India’s economy probably expanded at its weakest pace in more than six years in the quarter to September, a Reuters poll showed, as consumer demand and private investment weakened further and a global slowdown hit exports.
The median of a poll of economists showed annual growth in gross domestic product of 4.7 percent in the quarter, down from 5.0 percent in the previous three months and 7 percent for the corresponding period of 2018.
Economic growth could dip to around 4 percent in the September quarter, two domestic television channels said on Wednesday, citing government sources.
If the latest figure for expansion of gross domestic product is 4.7 percent or less, the quarter will have registered the slowest expansion in 26 quarters, since 4.3 percent in January-March 2013.
Prime Minister Narendra Modi’s government has taken several steps, including cutting corporate tax in September, to boost investments and bolster economic growth.
Economists in a Reuters poll predicted the Reserve Bank of India would cut its repo rate INREPO=ECI for the sixth time in a row, by 25 basis points, to 4.90 percent at its Dec. 3-5 meeting.
“Agrarian distress and dismal income growth so far, coupled with subdued income growth expectation in urban areas, have weakened consumption demand considerably,” said Devindra Pant, chief economist at Fitch arm India Ratings & Research.

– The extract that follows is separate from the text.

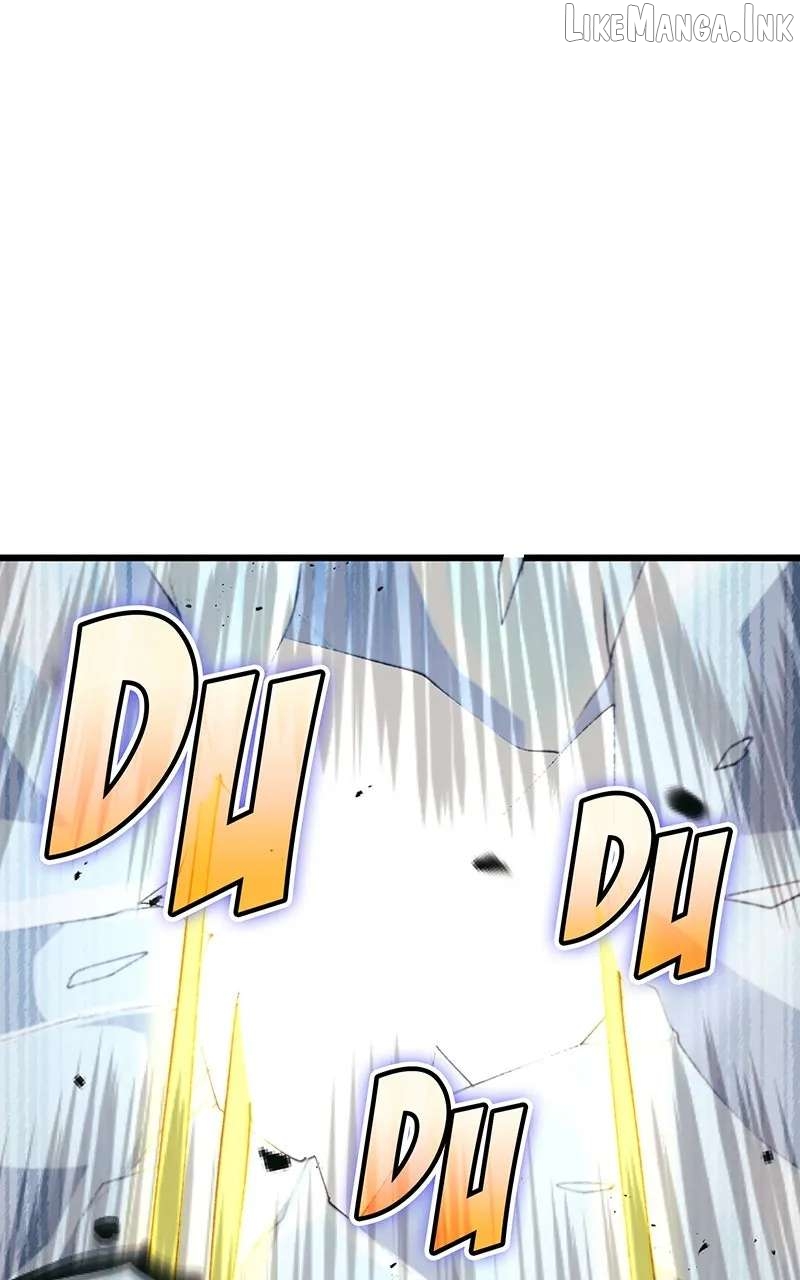 Bodyguard Babysitter Chapter 6 - page 27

“Even the festive demand has failed to revive it,” he said, citing data on non-food credit, auto sales and select fast moving consumer goods.
On Wednesday, in a heated parliamentary debate on the economic slowdown affecting jobs, opposition parties said million of people had lost their jobs and the country faced a “economic emergency”.
In her reply, Finance Minister Nirmala Sitharaman said the economy faced a slowdown but no “recession” and cited several government measures to support economic growth.
On Thursday, she sought parliament’s approval to spend $2.7 billion in addition to a budgeted 27.86 trillion rupees ($388 billion) in the 2019/20 fiscal year.
Economists said with persistently tight domestic credit and weak corporate profits, India’s recovery could be delayed and the pick-up would remain below potential.
India needs to grow at around 8 percent to create enough jobs for its millions of young people joining the labor force each year.
The unemployment rate in October rose to 8.5 percent, its highest since August 2016, according to the Centre for Monitoring Indian Economy (CMIE), though the government estimates that urban unemployment declined.
Some economists, however, said economic growth could pick up in the second half of the current fiscal year, after the government took steps to support real estate and non-bank finance companies.
“The economic slowdown has bottomed out in the September quarter,” said N.R. Bhanumurthy, an economist at the National Institute of Public Finance and Policy, a Delhi-based government think tank.
“With easing of credit and pick up in festival demand, economic growth is expected to pick up from October onward.”